--- PROVIDED RECORDS ---

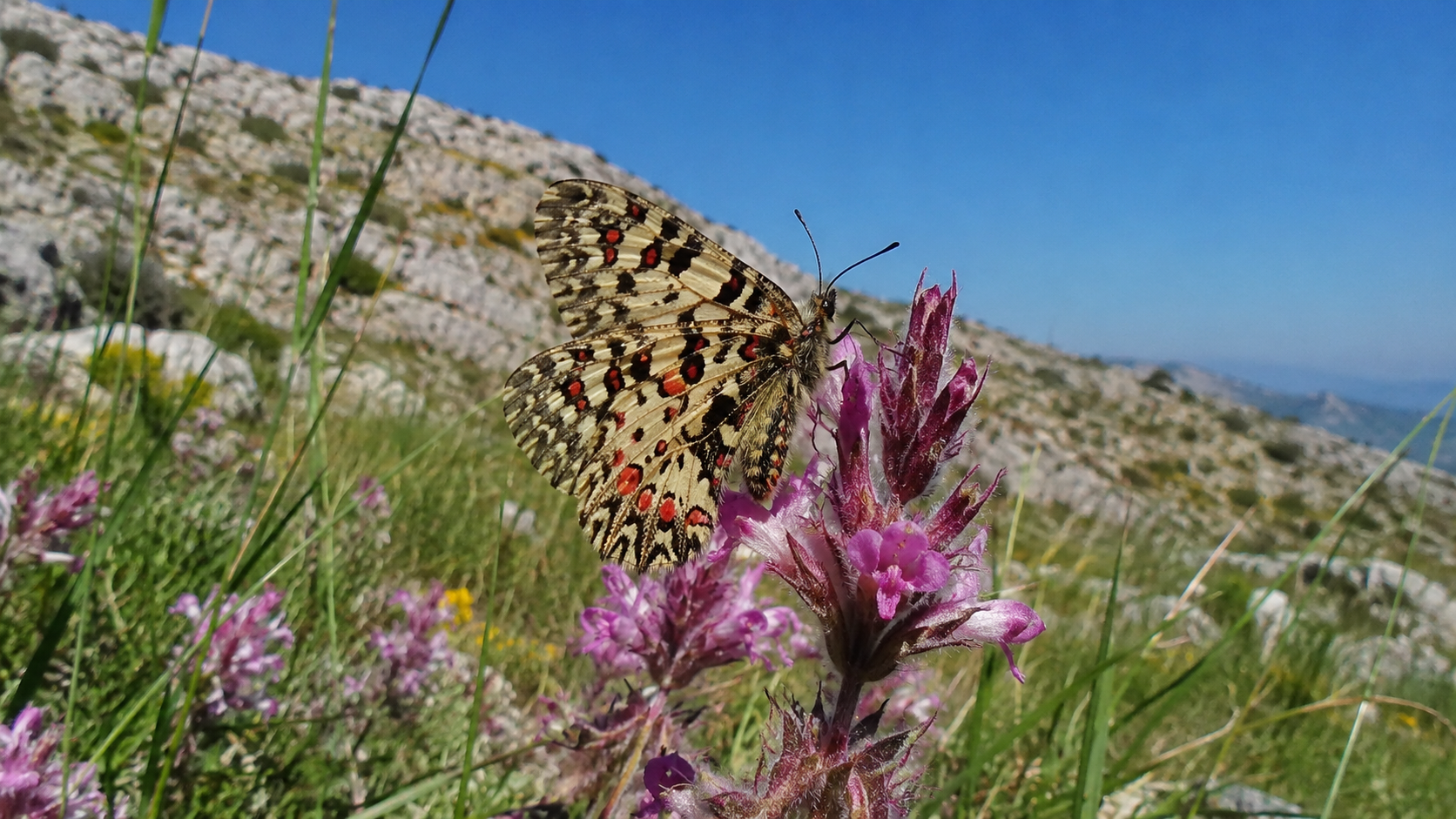 Schmetterlinge Griechenlands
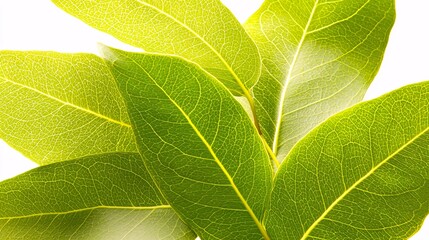 close-up of eucalyptus leaves, highlighting their texture and aromatic oils, isolated on a clean white backdrop Eucalyptus tree benefits 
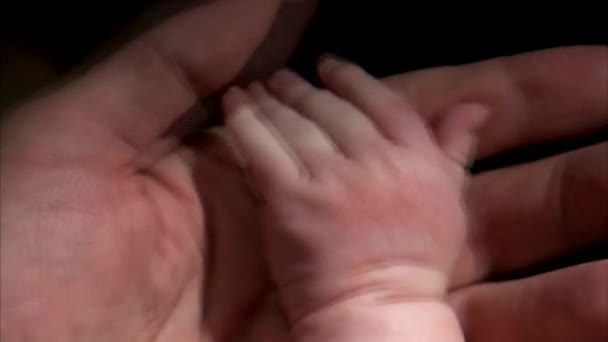 Betreuung Der Kinder Der Hände Des Babys Und Der Eltern — Stockvideo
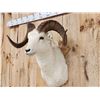 Image 4 : Alaskan Dall Sheep Shoulder Mount Taxidermy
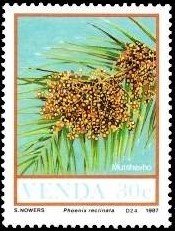 Colnect-3832-477-Food-of-the-Veld-Phoenix-reclinata.jpg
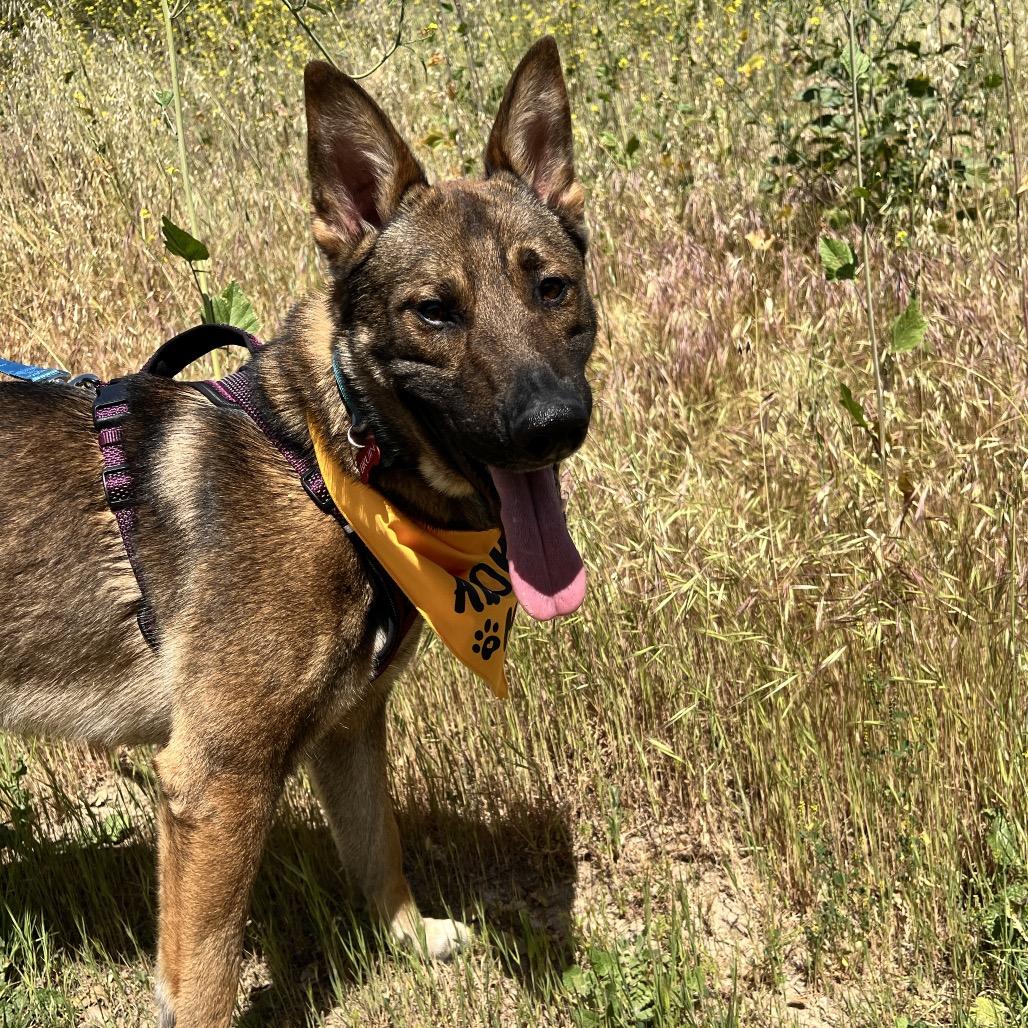 Enlarge Bruin, a Adoptable Dutch Shepherd in Winchester, CA image 3/4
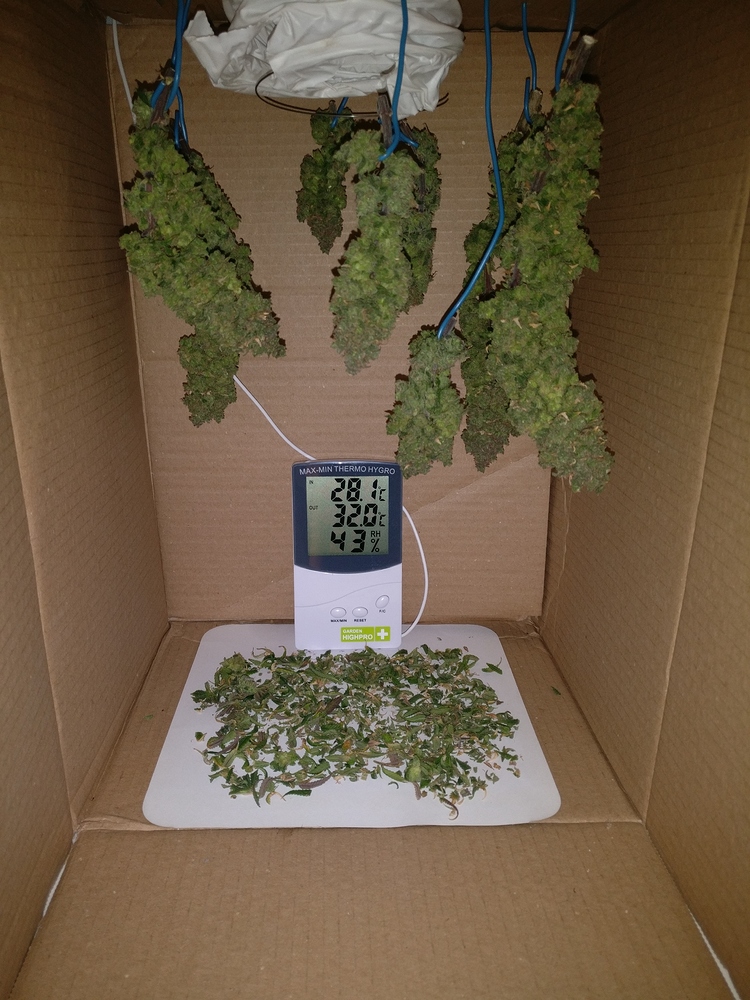 Skunk Kush Mini Indoor Grow. Pro Emit 60W DIY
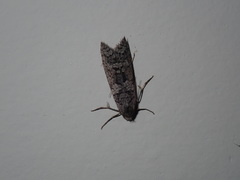 Lepidoscia heliochares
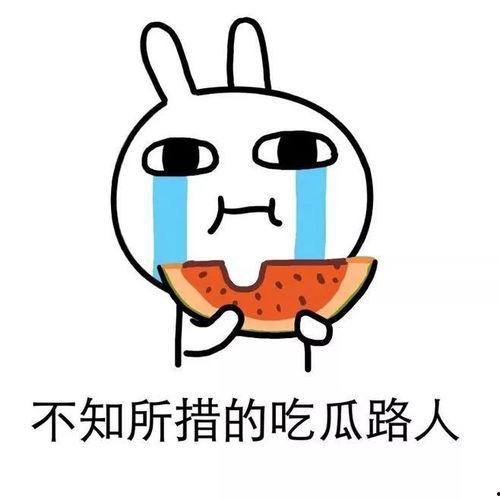 吃瓜小确幸,品味生活中的甜蜜瞬间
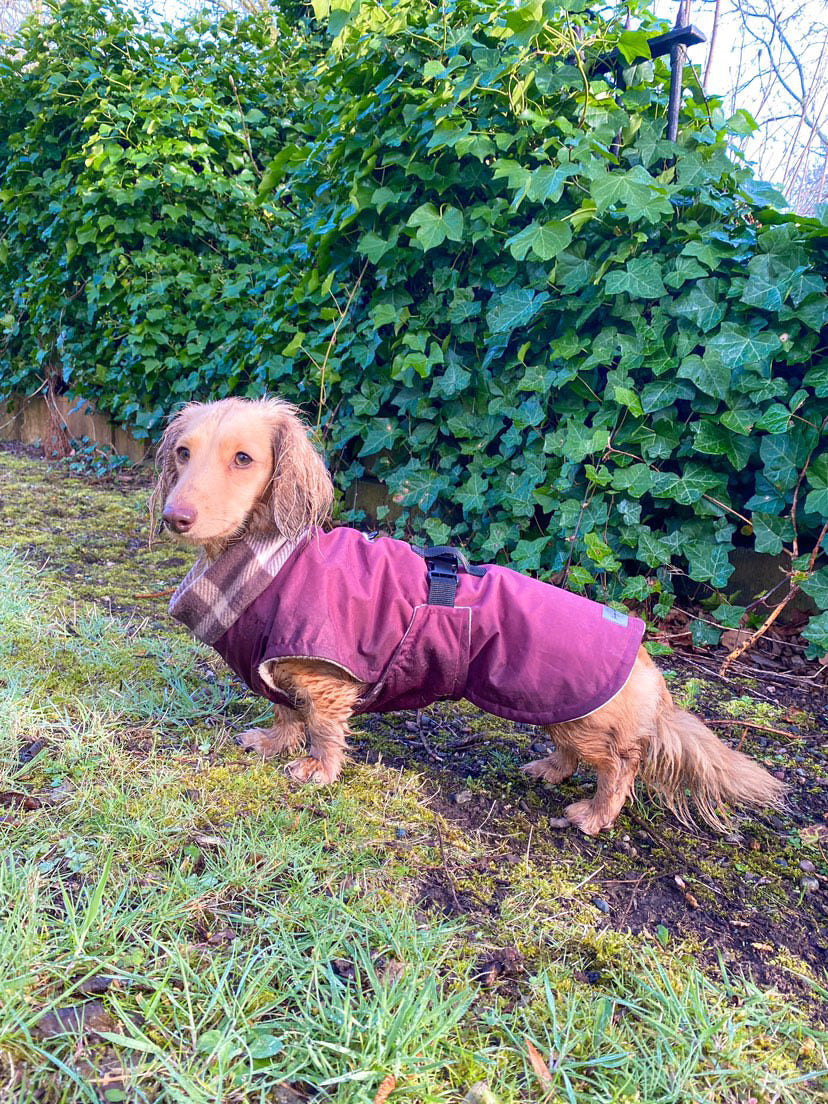 Wine Full Tummy Waterproof Jacket with Fleece Lining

---

:: REQUIRED ACTION ::
Write out, word for word, the line containing "Image 4 : Alaskan" and each line after it to the end of the data, and nothing more. Drop the pictures.

:: ANSWER SECTION ::
 Image 4 : Alaskan Dall Sheep Shoulder Mount Taxidermy
 Colnect-3832-477-Food-of-the-Veld-Phoenix-reclinata.jpg
 Enlarge Bruin, a Adoptable Dutch Shepherd in Winchester, CA image 3/4
 Skunk Kush Mini Indoor Grow. Pro Emit 60W DIY
 Lepidoscia heliochares
 吃瓜小确幸,品味生活中的甜蜜瞬间
 Wine Full Tummy Waterproof Jacket with Fleece Lining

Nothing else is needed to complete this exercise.